All my life I had been looking for something, and everywhere I turned someone tried to tell me what it was. I accepted their answers too, though they were often in contradiction and even self-contradictory. I was naïve. I was looking for myself and asking everyone except myself questions which I, and only I, could answer. It took me a long time and much painful boomeranging of my expectations to achieve a realization everyone else appears to have been born with: that I am nobody but myself."
~Ralph Ellison, "Battle Royal"
What causes us to have a lack of peace in our lives? I'm musing on this today, as I started my day with a long beautiful walk through the creekside in my neighborhood. So much of my days these last months have been spent lost in being unsure of my place in this world - my purpose, my reason for being.

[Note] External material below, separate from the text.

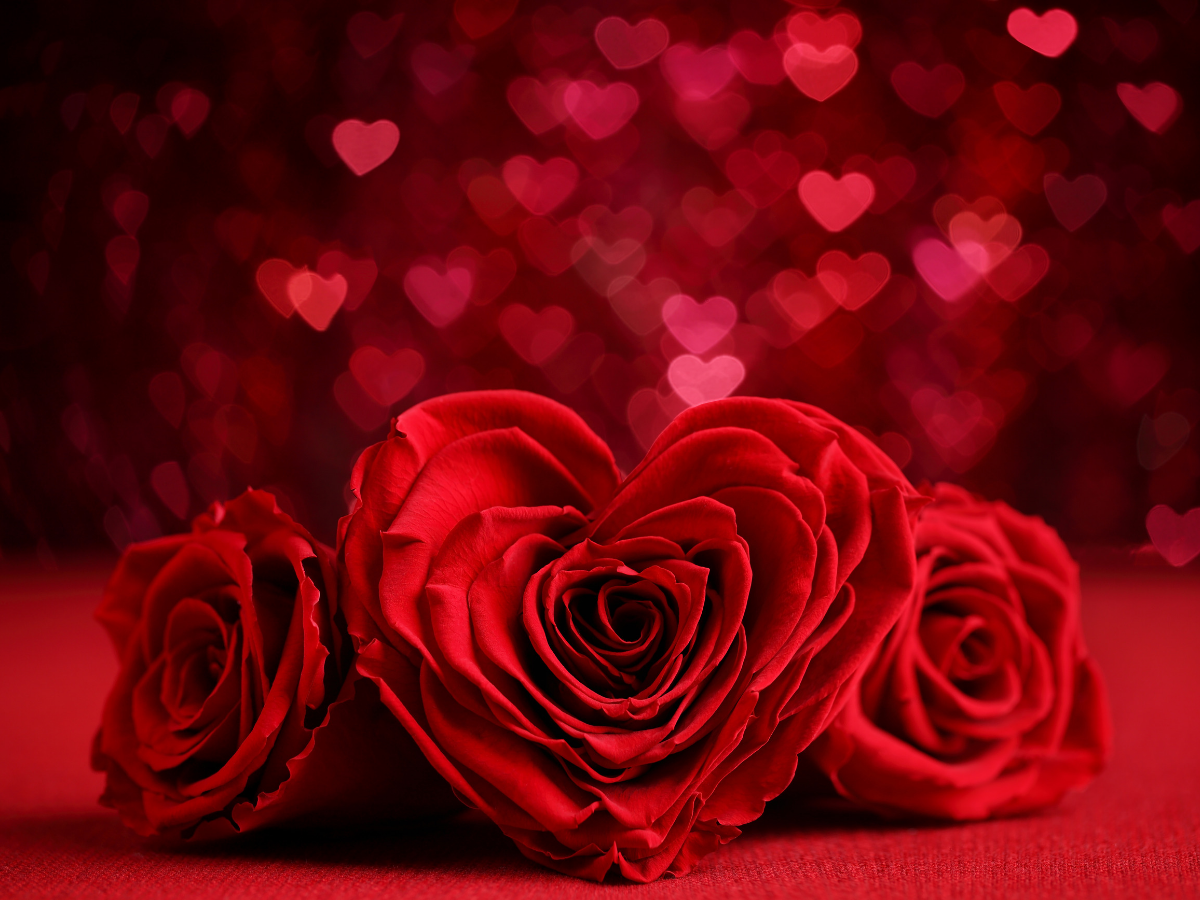 Happy Rose Day Image Wishes Messages Status Cards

It's interesting to me how again and again we as a whole tend to place so much of who we are into what we do. And it's concerning to me because here I am, knowing on the one hand how ridiculous that is, and yet feeling that way in spite of the knowing.
How do I shut that out? At what point do I need to reach before the light goes on and I am simply grateful for being in this place, a place that not many get to have? Each day I am met with choices of what I want to create, who I want to communicate with, how I want to meet my day. A gift indeed, I know this. So where does the angst come from?
I have always been a person of doing...go-go-go. I am not a person used to sitting still, I'll admit that openly. In the last 2 years however, I've had the opportunity, if not the choice, to build into me as an individual, as a woman, a wife, a friend. Perhaps I've taken advantage of the time, wasted it by feeling this horrendous useless guilt for no longer go-go-going...
I think what I need to do is simply BE. In gratitude. Peace comes in the acceptance of ones self. In accepting who I am, for who I am, not what I do, I can find the peace I'm searching for. And in the peace, I will be able to finally hear the still small voice that reminds me of who I am, what I'm made for, and the purpose in in the midst of all of that.
Purpose is in each moment where you meet yourself in the mirror each day. It's in the new faces you come across in your journey, where you have the opportunity to let them be seen in a smile, a hello, a simple connection. It's in the way you decide to love, to laugh, to breathe, to enjoy the blessings you have in your life, for all they are and all they offer.
The bottom line is, while life might not look or feel or act the way you want it to, expect it to, it's your life. Deal with it. Take it for what it is and enjoy what it is for you TODAY. Right now. and if you can get that figured out, all the rest will fall into place, the peace, the happiness, a sense of contentedness that makes this need for purpose seem less important.
Purpose is not in the DOING. I think it's in the BEING. This is my take away today. I'm going to focus on this today and then tomorrow I'll make the choice to focus on this once again and hopefully, day after day, this will eventually become a habit in such a way that it becomes a part of who I am, without effort.